Kiowa Elder Delores Toyebo Harragarra shared her experience of working with Max. “Our family met Max Yamane in the summer of 2017, at the Kiowa Language and Cultural Revitalization Program community outreach event in Tulsa, Oklahoma," she said. "Max was interested in Kiowa songs. We invited him to our home in Carnegie, Oklahoma for a visit and discussion of his study of various Kiowa songs. Max is a very engaging young man, very respectful of Native American culture. Our family is very fortunate to have met Max. He has endeared himself to not only our family but to other Kiowa tribal members as well.”
During his first summer in Oklahoma, Max went to powwows and competed in the Men’s Fancy Dance category. At powwows he was invited to sit in various powwow drums by other Southern Plains singers. He quickly picked up songs of different tribes and learned how to lead them. Over time, Max also began composing powwow songs. His talents were discovered by the lead singer of the well-known Otter Trail powwow singing group. He was invited by the lead singer to travel with them to singing engagements throughout Indian Country. After several summers of travelling, the lead singer of Otter Trail endowed Max one of the most prestigious gifts in Indian Country, his own personal song.
“My adopted son Max was once asked to serve as the head man dancer for the Tunica Biloxi Powwow in Louisiana," said Alexander Santos, lead singer of the Otter Trail Singers. "The greatest gift an individual can receive is his own personal song. So, I composed one for him to use for just such an occasion. That song was made even more special due to the words added by Mr. Ralph Zotigh. That’s a sign of someone who is loved and admired and makes that particular song even more special.”

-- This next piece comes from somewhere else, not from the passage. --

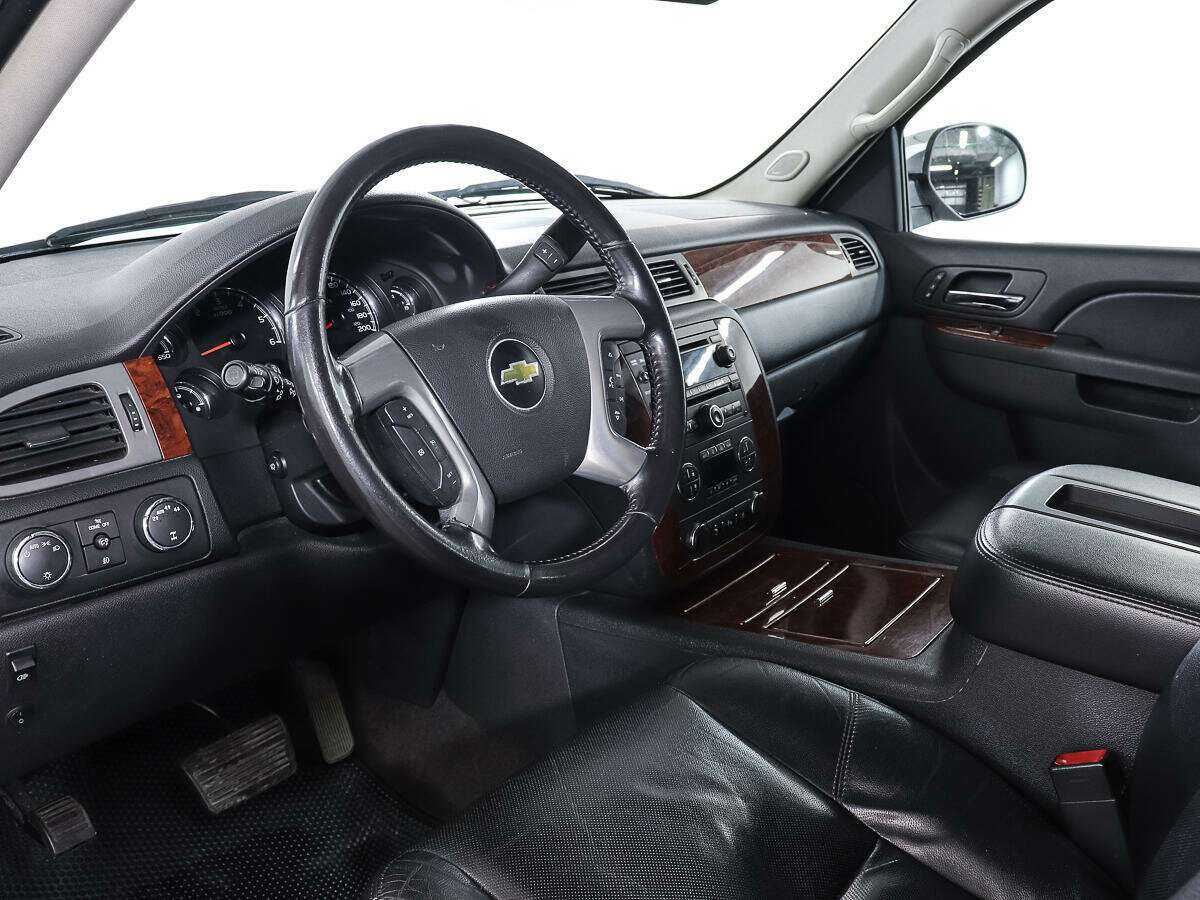 Купить Chevrolet Tahoe 6AT, 2011, 237 394 км, фото №12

The words in this song are truly unique as they blend Max’s Japanese heritage including the Japanese language directly in a song that is sung at Native powwows. Some of the Japanese language in the song describes Max’s family name, when translated means “Mountain root" or "foot/base of the mountain.”
Through his work on his master’s thesis, Max developed an interest learning the Kiowa language. To gain this knowledge, Max participates in the Kiowa Language and Cultural Revitalization Program twice each week. In this program, Max and Kiowa educators virtually meet with Kiowa elders to learn language, customs and history. Max actively practices the Kiowa language while participating in this program and with his Kiowa family.

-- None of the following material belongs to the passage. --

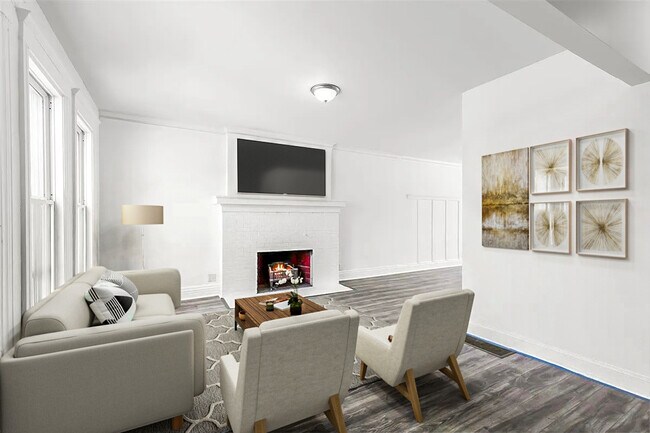 Building Photo - 216 Holbrook Ave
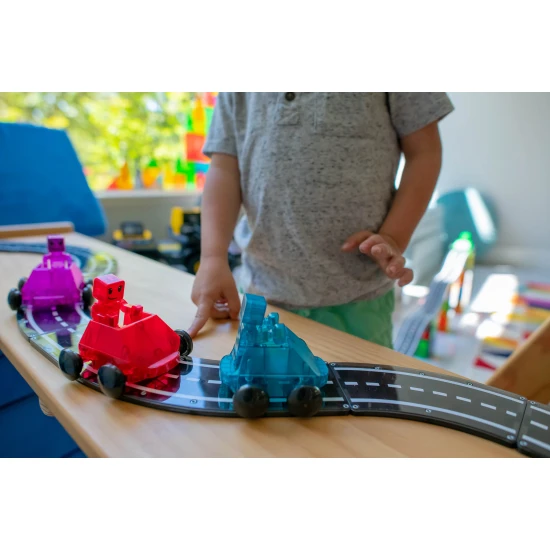 Připravte se na závody s magnetickou stavebnicí Dashers.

Beyond powwows and educational endeavors, Max also works to assist tribes, tribal programs and tribal organizations with grant opportunities for special projects as a contractor with Tribal Tech, LLC and their parent agency, the Association for Native Americans (ANA) in Washington, D.C.
Young Brinson, Team-Lead Program Specialist for Tribal Tech, LLC, had this to say about Max: "Max Yamane is a prized Program Specialist here at ANA. He is dedicated to serving his grantees in all capacities and has been instrumental on various high-level deliverables. He is one of our Language Think Tank team members and is always providing great insight on language resources and pedagogies. Max is a what I’d like to call a grantee’s best friend given all he brings to the table.”
Max completed his M.A. and is currently a Ph.D.candidate in ethnomusicology at the University of Maryland with research interests in American Indian Southern Plains music and dance, powwow, Indigenous protest music and language revitalization and music. Like other respected non-Native researchers and scholars before him, Max's curiosity, openness to learning, and deferent, relationship-building approach has allowed him to learn and record information directly from respected Native peoples.